Such philosophers have been called in a generic way hedonists, though we know them better by the names of their particular “schools”: epicureans and utilitarians, for example. All believed that the greatest good was the attainment of pleasure.
Richard Taylor writes: “the everyday philosophy of vast numbers of people is the philosophy of hedonism, even though most of them may never have heard this word and perhaps never have read a philosophical book.” I largely agree. Why, then, do philosophers trouble themselves to write books, and establish schools, advocating hedonism? The briefest consideration of the matter will show us why they take such pains: the pursuit of pleasure as a moral ideal is deeply problematic. In fact, I believe it to be impossible.

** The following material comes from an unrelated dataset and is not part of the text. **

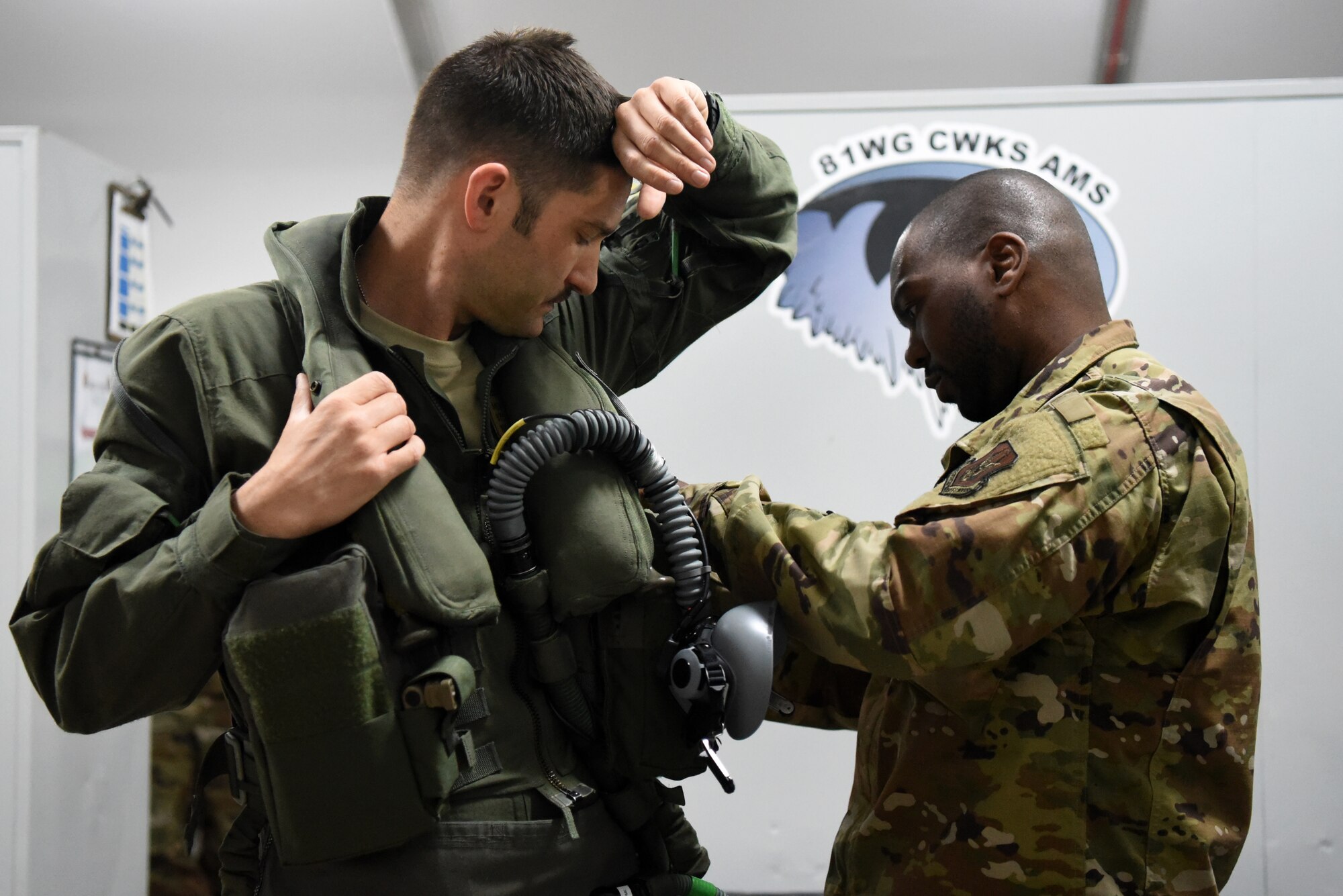 An F-35A Lightning II pilot assigned to the 4th Expeditionary Fighter Squadron receives assistance in securing gear to his sleeveless flight jacket in preparation for the first combat sortie in the U.S. Air Forces Central Command area of responsibility April 26, 2019, Al Dhafra Air Base, United Arab Emirates.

The problem has to do with the organization of the many pleasures we can enjoy. If an individual is more than a pinball, bouncing off one pleasure in search of the next, then some principle must be introduced that ranks pleasures according to a scale of values. But once this scale is accepted, its standards rather than pleasure become the highest moral good. In my opinion, this describes the human condition pretty accurately. Taylor’s statement should be modified to reflect this reality: vast numbers of people seek pleasure, guided by a scale of values.
In Plato’s Gorgias, a recent read, Socrates turns this problem against the foolhardy Polus, who had been advocating a hedonistic approach to the good life. Once Polus admits there is such a thing as “good” and “bad” pleasures, his position is quickly demolished.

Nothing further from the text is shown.